**DIRECTIONS FOR THIS TASK**
Reproduce the material below only from the line with "魅力男神明道杂志写真帅气图片壁纸" to the line with "Gallery image thumbnail", both included, keeping each line exact and dropping the pictures.

**AVAILABLE DATA**

---

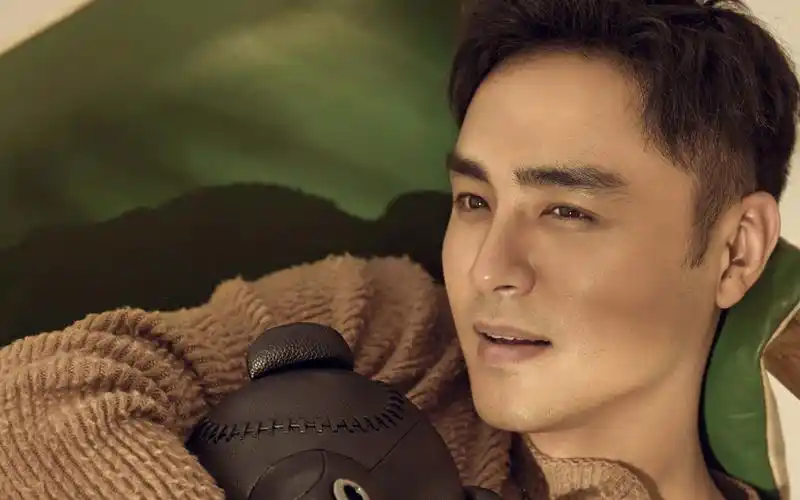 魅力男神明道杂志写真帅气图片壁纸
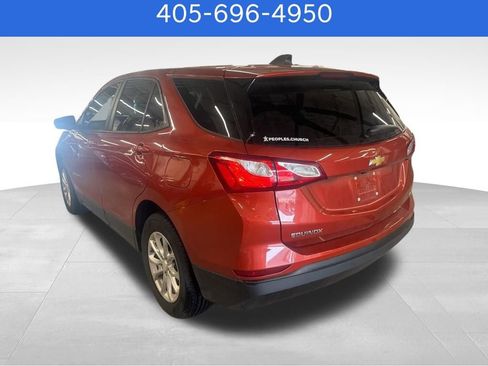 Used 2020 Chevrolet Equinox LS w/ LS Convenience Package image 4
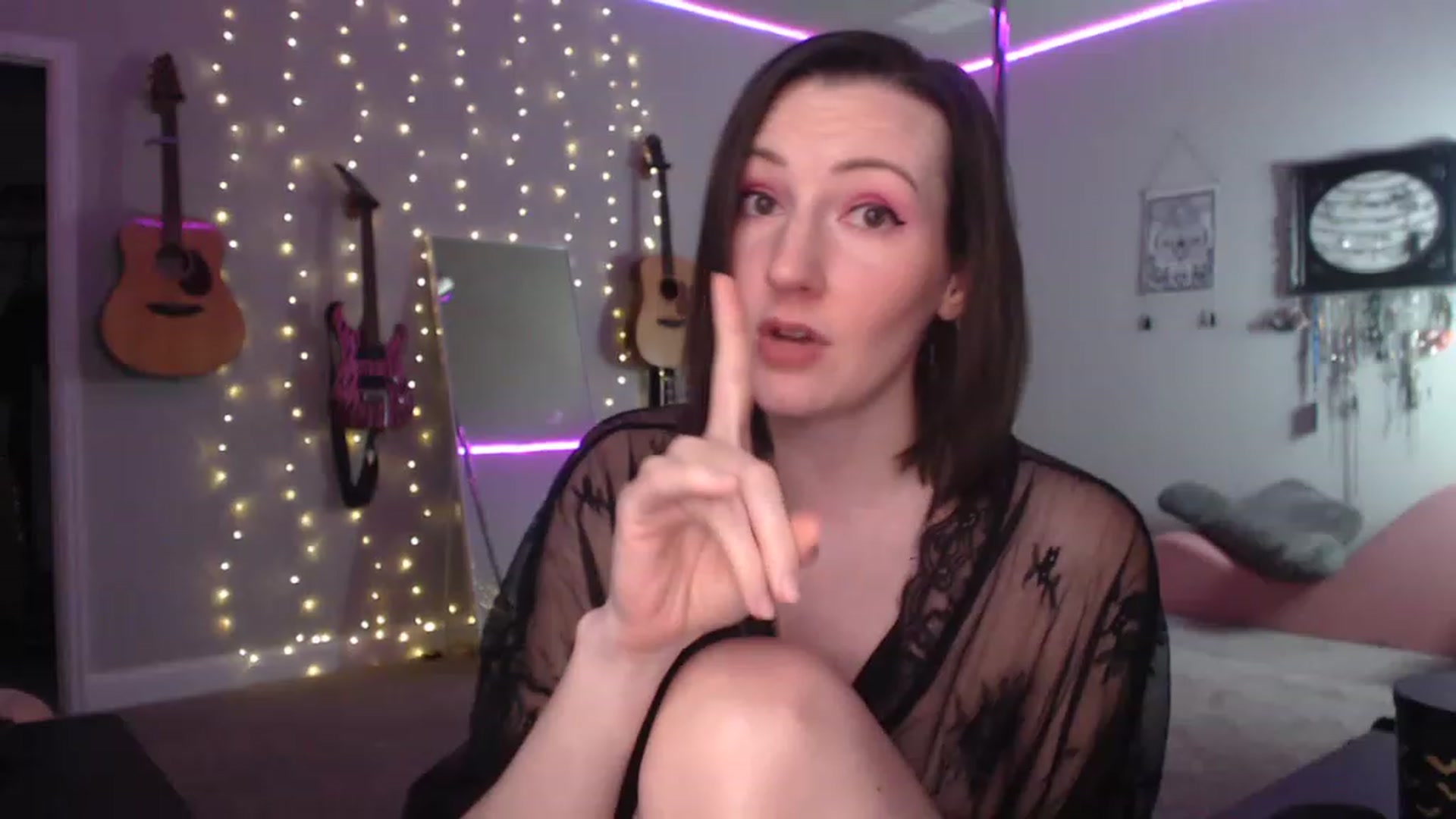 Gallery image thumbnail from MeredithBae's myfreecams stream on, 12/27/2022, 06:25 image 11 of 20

---

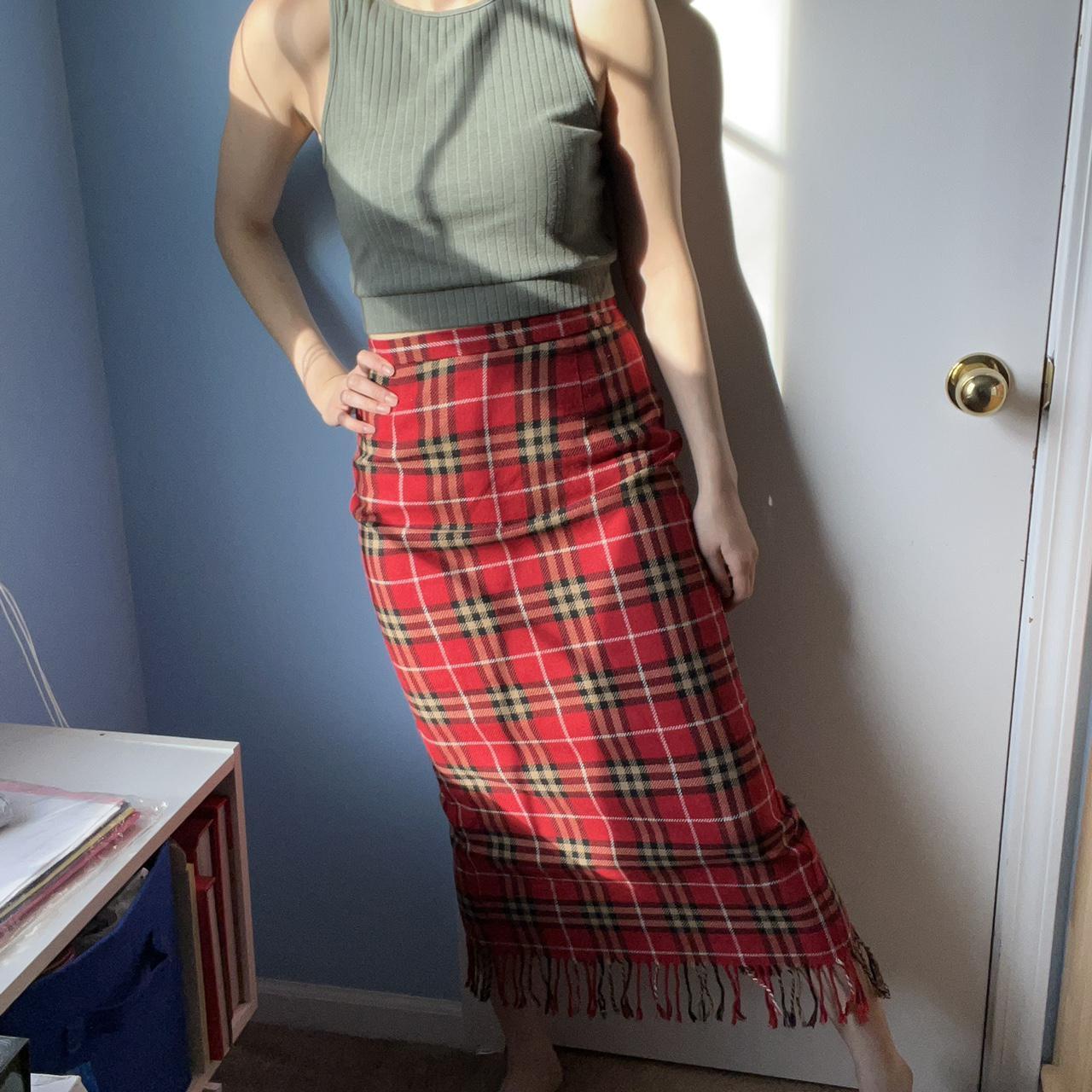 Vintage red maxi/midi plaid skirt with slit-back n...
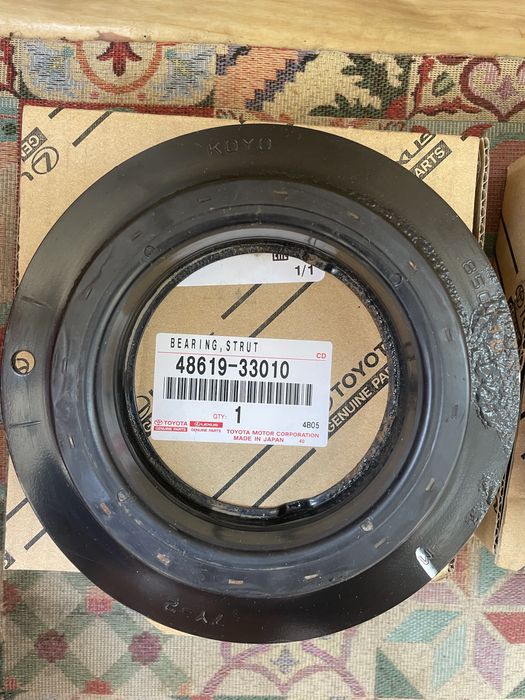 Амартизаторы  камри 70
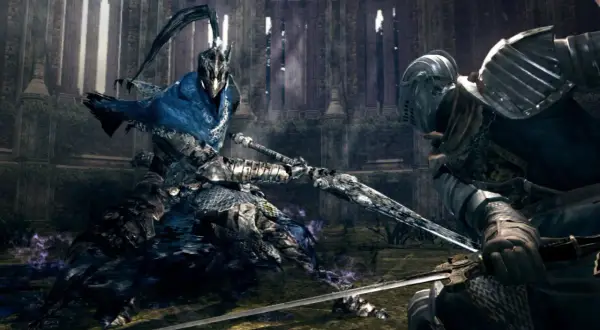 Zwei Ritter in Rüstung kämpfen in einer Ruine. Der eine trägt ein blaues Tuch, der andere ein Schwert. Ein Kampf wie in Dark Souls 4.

---

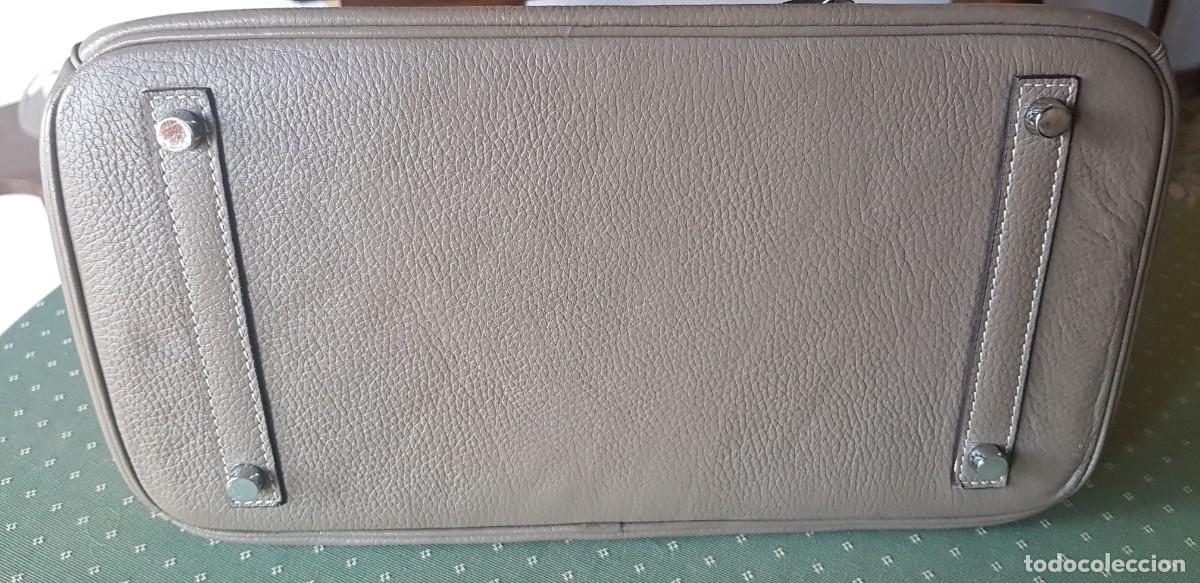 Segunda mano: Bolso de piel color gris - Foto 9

---

**SOLUTION FOR THIS PROBLEM**
 魅力男神明道杂志写真帅气图片壁纸
 Used 2020 Chevrolet Equinox LS w/ LS Convenience Package image 4
 Gallery image thumbnail from MeredithBae's myfreecams stream on, 12/27/2022, 06:25 image 11 of 20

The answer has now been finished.